Does this connect to the E/I balance hypothesis for mental illness in general?

Yes. Particularly vulnerable in schizophrenia are GABA interneurons that make the calcium-binding protein parvalbumin (PV cells). While the number of PV cells is not substantially altered, PV cells seem to bear the brunt of the GAD67 decrease and display other significant changes in gene expression. The impairment of PV cells is important because PV cells regulate the firing patterns of excitatory pyramidal neurons in the cortex and hippocampus and their activity is thought to play a key role in establishing the brain’s excitatory/inhibitory (E/I) balance.

Besides GABA, a number of neurotransmitter systems are disrupted in schizophrenia. These include the glutamatergic, cholinergic, and dopaminergic systems. In their circuit-based framework for understanding neurotransmitter and risk gene interactions in schizophrenia, Lisman et al. brainstorm ways that GABA dysfunction may be linked to defects in these other neurotransmitter systems. Central to their model are studies suggesting that one category of glutamate receptors—the NMDA type glutamate receptors—function inadequately in schizophrenia. The NMDA receptors of PV cells in particular may be a key site of dysfunction.

What is MRS? What have MRS studies of GABA levels in individuals with schizophrenia revealed?

MRS is a technique related to magnetic resonance imaging (MRI). While MRI gives us anatomic images of the brain, MRS can provide quantitative information about the levels of various brain metabolites. By providing a safe, non-invasive way to examine the brains of living human beings, magnetic resonance-based tools in general have significantly advanced our understanding of psychiatric disorders over the past three decades.

One way to test the GABA dysfunction hypothesis is to measure the levels of GABA in individuals with schizophrenia using MRS. So far, as Alison Curley describes on the Schizophrenia Research Forum, the results of such studies have been confusing—with two groups finding an elevation in GABA, two finding a decrease, and one observing no change.

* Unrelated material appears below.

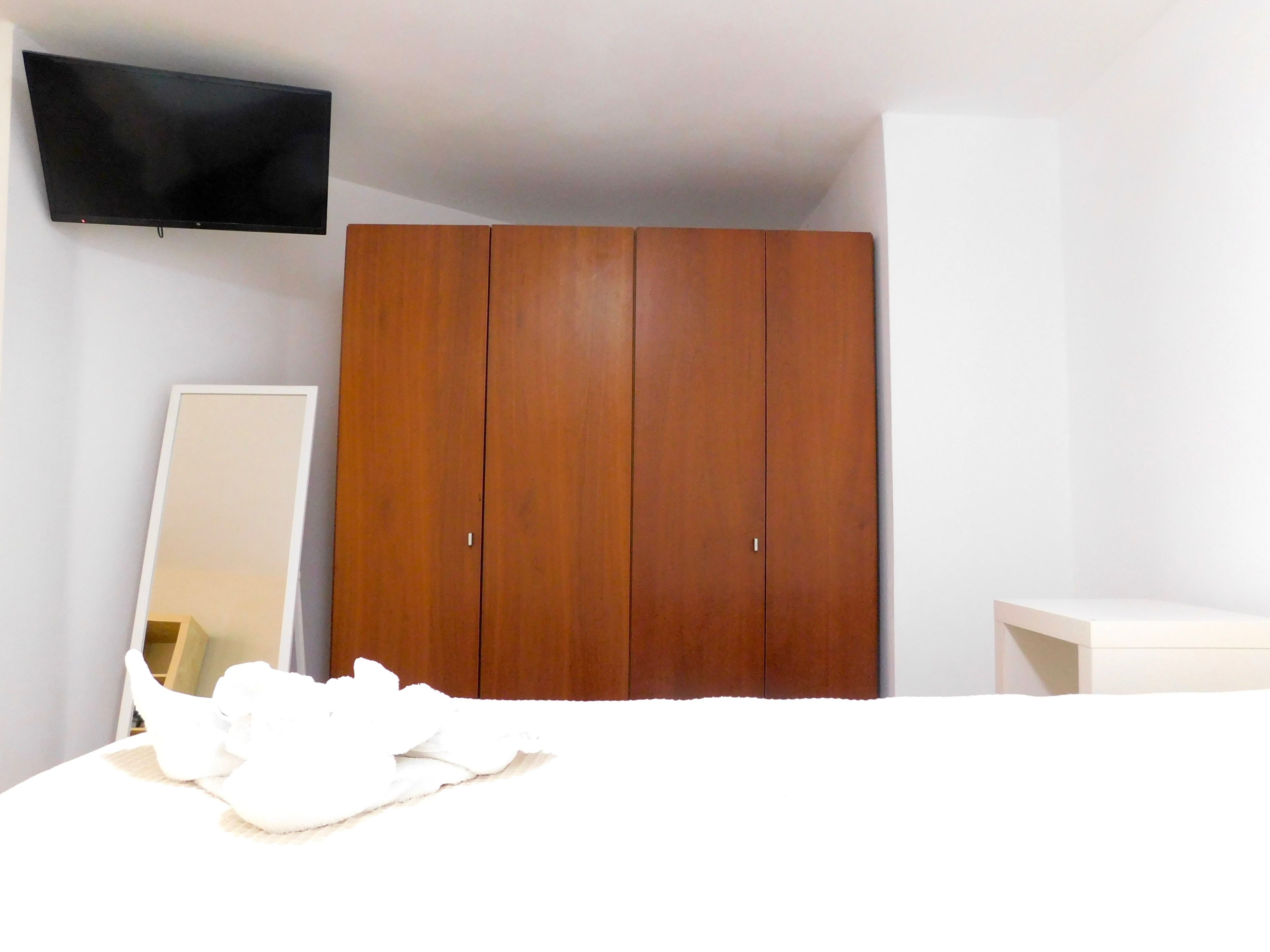 Quarto com cama, guarda-roupa de madeira, televisão na parede e mesa de cabeceira.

In 2009, Goto et al. reported a reduction in GABA levels in the basal ganglia of early-stage schizophrenia patients, but not in the frontal or parieto-occipital lobes. In 2010, three groups published. Tayoshi et al. looked in the anterior cingulate cortex and left basal ganglia of chronic schizophrenia patients and found no overall change in the concentration of GABA. Yoon et al. looked in the visual cortex of a mix of chronic and recent-onset schizophrenia patients and found a reduction in GABA concentration. In contrast, Ongur et al. looked in the anterior cingulate cortex and parieto-occipital cortex of chronic schizophrenia patients and, surprisingly, found an elevation in GABA levels in both areas. The latest study, published last month by Kegeles et al., also found an elevation in GABA levels. This elevation was observed in the medial, but not dorsolateral, prefrontal cortex.

What could be producing these different MRS results?

First and most obvious, everyone is not looking in the same brain region. Second, the medication status of the patients is a key variable. The Kegeles et al. study was the first in this series to examine a cohort of non-medicated patients. The reported elevation of GABA in the medial prefrontal cortex in this study was not observed in a comparison group of patients treated with antipsychotics. Also, Ongur comments that factors such as the stage of the illness or other types of medications that patients may concurrently be taking, such as anticonvulsants, could be contributing to the different findings.

Studying larger sets of patients and having more detailed phenotypic information about the nature of each patient’s schizophrenia may help to clarify the MRS findings. Another key concept to keep in mind when thinking about these MRS findings, as Curley and Ongur both point out, is that the total tissue levels of GABA are being measured. So it would be entirely possible to find elevated GABA levels in a brain region by MRS, yet have reduced GABAergic transmission at synapses within that region.